Sejumlah upaya perlu ditempuh pemerintah untuk menjamin ketersediaan pangan dalam negeri. Diantaranya, alur distribusi yang efisien, tata niaga berimbang, revitalisasi lahan pertanian dan pengembangan infrastruktur pertanian, dan petani harus didorong untuk meningkatkan produksinya.
Anggota Komisi IV DPR RI Rofi Munawar memaparkan, kenaikan inflasi April 2012 merupakan akibat harga pangan yang tinggi sebagai dampak gejolak harga pangan di tingkat internasional saat ini. Situasi itu perlu menjadi perhatian pemerintah untuk membangun sistem manajemen pangan domestik yang terintegrasi, dari proses produksi, distribusi hingga konsumsi, agar mampu menjamin ketahanan pangan nasional yang kuat. Pasalnya, kebijakan logika impor pangan tidak dapat dipertahankan saat harga pangan impor tinggi.
“Kenaikan bahan pangan terjadi di tingkat domestik dan global. Kemampuan produksi bukan satu-satunya variabel dalam mengelola pangan, sehingga tata niaga pangan dan pengelolaan stok juga penting. Ketergantungan akan impor harus dilepaskan secara gradual dan massif, karena harga pangan impor jikapun ada saat ini tren ke depan akan sangat tinggi,” Kata Rofi di Jakarta, hari ini.
Badan Pusat Statistik (BPS) (1/5) mengumumkan, inflasi April 2012 naik 0,21 persen dibanding bulan sebelumnya. Sedangkan inflasi secara year on year (yoy) 4,5 persen. Padahal, target inflasi APBNP 2012 6,8 persen. Tingkat inflasi tersebut didorong oleh kenaikan harga beberapa komoditas pangan sejak awal bulan. Harga komoditas yang mengalami kenaikan tersebut contohnya bawang putih, cabe rawit, gula pasir, bawang merah, dan minyak sawit.
Rofi mencatat, importasi pangan Indonesia cukup besar.

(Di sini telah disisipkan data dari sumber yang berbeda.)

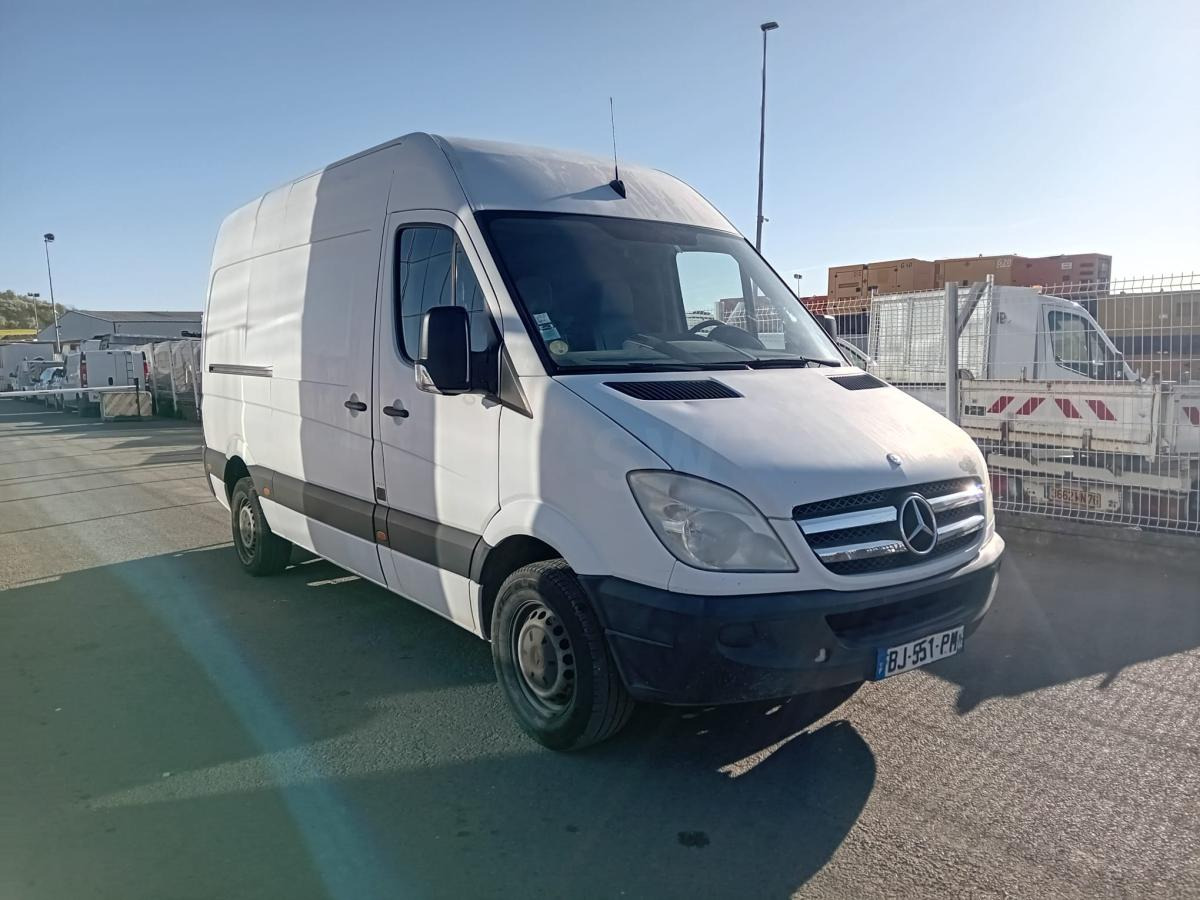Mercedes Sprinter 218 CDI - Furgón: foto 1 Mercedes Sprinter 218 CDI - Furgón: foto 1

Diantaranya, beras 2 juta ton, jagung 1,2 juta ton, kedelai hampir 30 persen dari total kebutuhan, gula 30 persen, garam konsumsi 50 persen, susu 70 persen, dan gandum 100 persen.
“Pemerintah harus meningkatkan anggaran pertanian dan melakukan terobosan kebijakan pangan secara lintas sektoral. Sehingga seluruh kebijakan pangan di bangun oleh landasan yang kuat dan kinerja yang simultan dari seluruh aspek. Pemerintah harus memastikan bahwa konsumen mendapatkan pangan yang terjangkau dan berkualitas,” tutur Rofi.
Menurut catatan Bank Dunia dalam laporan terbarunya, Food Price Watch (25/4), kenaikan harga sejak Desember 2011-Maret 2012 mencapai 8 persen akibat kenaikan harga minyak, kondisi iklim, dan permintaan yang kuat di Asia. Harga pangan yang belum mencatat kenaikan signifikan adalah beras karena dinilai masih memiliki pasokan melimpah dan terjadi kompetisi ketat antar eksportir.